VIRGOS: Secure Graph Convolutional Network on Vertically Split Data from Sparse Matrix Decomposition
Yu Zheng, Qizhi Zhang, Lichun Li, Kai Zhou, Shan Yin
TL;DR
Virgos addresses the challenge of privacy-preserving GCN training and inference on vertically partitioned data by introducing a sparse-matrix decomposition that converts a sparse adjacency matrix into a sequence of structured linear transformations. It then couples two novel 1-round MPC primitives, Oblivious Permutation (OP) and Oblivious Selection-Multiplication (OSM), to implement a secure (SM)^2 protocol with constant rounds and $O(|E|)$ communication, dramatically reducing both data exchange and memory usage compared with prior dense-MPC approaches. The authors instantiate a complete end-to-end 2-party framework that achieves near-plaintext accuracy on standard datasets (Cora, Citeseer, Pubmed) while delivering substantial speedups and lower memory footprints under various network conditions.
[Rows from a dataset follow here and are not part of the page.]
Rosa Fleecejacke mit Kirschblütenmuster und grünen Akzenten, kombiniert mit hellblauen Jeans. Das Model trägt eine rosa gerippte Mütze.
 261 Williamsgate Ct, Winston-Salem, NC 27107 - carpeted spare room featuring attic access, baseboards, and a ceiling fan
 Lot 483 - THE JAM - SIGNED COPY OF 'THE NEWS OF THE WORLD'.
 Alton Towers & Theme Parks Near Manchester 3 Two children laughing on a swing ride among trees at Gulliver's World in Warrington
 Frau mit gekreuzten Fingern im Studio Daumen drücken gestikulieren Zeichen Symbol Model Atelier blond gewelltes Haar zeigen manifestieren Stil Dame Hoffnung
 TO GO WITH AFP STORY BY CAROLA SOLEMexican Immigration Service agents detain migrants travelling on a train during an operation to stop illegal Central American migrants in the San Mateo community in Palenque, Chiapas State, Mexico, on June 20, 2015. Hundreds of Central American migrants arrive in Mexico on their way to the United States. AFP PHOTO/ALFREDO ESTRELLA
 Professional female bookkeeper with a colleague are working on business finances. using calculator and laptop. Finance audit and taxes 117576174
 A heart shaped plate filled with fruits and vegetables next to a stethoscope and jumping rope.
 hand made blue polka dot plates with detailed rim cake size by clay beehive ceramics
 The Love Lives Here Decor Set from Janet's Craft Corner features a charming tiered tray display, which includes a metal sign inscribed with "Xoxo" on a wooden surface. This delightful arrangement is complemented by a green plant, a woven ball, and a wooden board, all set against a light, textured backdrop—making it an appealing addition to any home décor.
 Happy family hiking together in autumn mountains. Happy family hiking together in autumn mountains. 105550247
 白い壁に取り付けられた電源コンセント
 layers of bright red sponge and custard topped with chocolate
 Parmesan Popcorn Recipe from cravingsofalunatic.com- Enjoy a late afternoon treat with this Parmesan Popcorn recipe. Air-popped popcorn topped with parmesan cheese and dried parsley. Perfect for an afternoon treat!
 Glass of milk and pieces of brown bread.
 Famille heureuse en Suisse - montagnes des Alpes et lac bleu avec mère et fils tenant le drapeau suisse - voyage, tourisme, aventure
The work also provides extensive experiments, ablations, and open-source code, highlighting practical viability for cross-silo collaboration on graph data without exposing private topology or features. Overall, Virgos advances secure graph learning by marrying sparsity-aware decompositions with efficient 2PC primitives, enabling scalable private GCNs in vertical-partition scenarios.
Abstract
Securely computing graph convolutional networks (GCNs) is critical for applying their analytical capabilities to privacy-sensitive data like social/credit networks. Multiplying a sparse yet large adjacency matrix of a graph in GCN--a core operation in training/inference--poses a performance bottleneck in secure GCNs. Consider a GCN with $|V|$ nodes and $|E|$ edges; it incurs a large $O(|V|^2)$ communication overhead. Modeling bipartite graphs and leveraging the monotonicity of non-zero entry locations, we propose a co-design harmonizing secure multi-party computation (MPC) with matrix sparsity. Our sparse matrix decomposition transforms an arbitrary sparse matrix into a product of structured matrices. Specialized MPC protocols for oblivious permutation and selection multiplication are then tailored, enabling our secure sparse matrix multiplication ($(SM)^2$) protocol, optimized for secure multiplication of these structured matrices. Together, these techniques take $O(|E|)$ communication in constant rounds. Supported by $(SM)^2$, we present Virgos, a secure 2-party framework that is communication-efficient and memory-friendly on standard vertically-partitioned graph datasets. Performance of Virgos has been empirically validated across diverse network conditions.